Mengutip laman Jabatan Imigresen Malaysia, calon majikan, dengan sejumlah uang dan syarat tertentu, bisa mengajukan permohonan kepada Pemerintah Malaysia untuk bisa memasukkan atau dicarikan pekerja migran untuk dipekerjakan sebagai asisten rumah tangga atau pekerja domestik. Sembilan negara masuk dalam daftar yang warganya bisa mengajukan diri untuk dipekerjakan sebagai pekerja sektor domestik di Malaysia, di antaranya Indonesia, Thailand, Laos, Kamboja, Vietnam, dan Sri Lanka (Kompas, 28/11/2020).
Pemda berperan
Di sisi lain, perlindungan bagi pekerja migran juga membutuhkan dukungan pemerintah daerah. Hingga kini hanya Jawa Barat dan Jawa Timur yang menerbitkan peraturan gubernur terkait perlindungan pekerja migran.

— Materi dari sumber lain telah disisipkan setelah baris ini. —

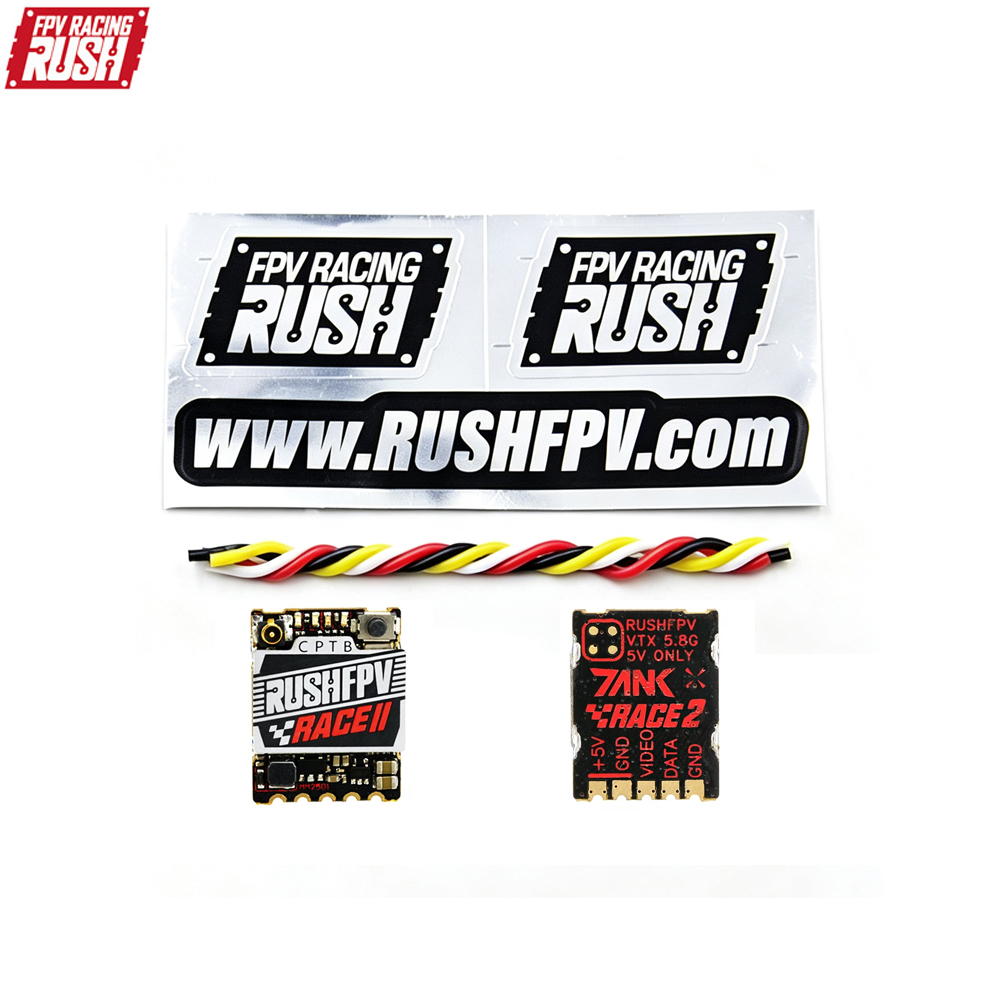 Rushfpv Rush fpv Tank Race2 20 - Fpv Drone Battery のレビューと価格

”Kedua provinsi ini juga telah menganggarkan dana khusus untuk memberikan pelatihan bagi calon pekerja migran. Kami terus menyosialisasikan agar pemerintah daerah turut ambil bagian memberikan perlindungan mulai dari hulu atau sebelum pemberangkatan,” ujar Deputi Bidang Penempatan dan Pelindungan Kawasan Eropa dan Timur Tengah Badan Pelindungan Pekerja Migran Indonesia (BP2MI) Achmad Kartiko di sela-sela penandatanganan nota kesepahaman kerja sama dengan Ombudsman RI, kemarin, di Jakarta.
Menurut dia, rata-rata remitansi yang dihasilkan dari 4,4 juta pekerja migran prosedural mencapai Rp 150 triliun per tahun. Di luar itu, diperkirakan ada 4,5 juta pekerja migran nonprosedural yang juga berkontribusi terhadap remitansi meski tidak tercatat.
Oleh karena itu, dia berharap kerja sama lintas instansi dan pemerintah daerah diperkuat untuk mencegah pemberangkatan pekerja migran nonprosedural.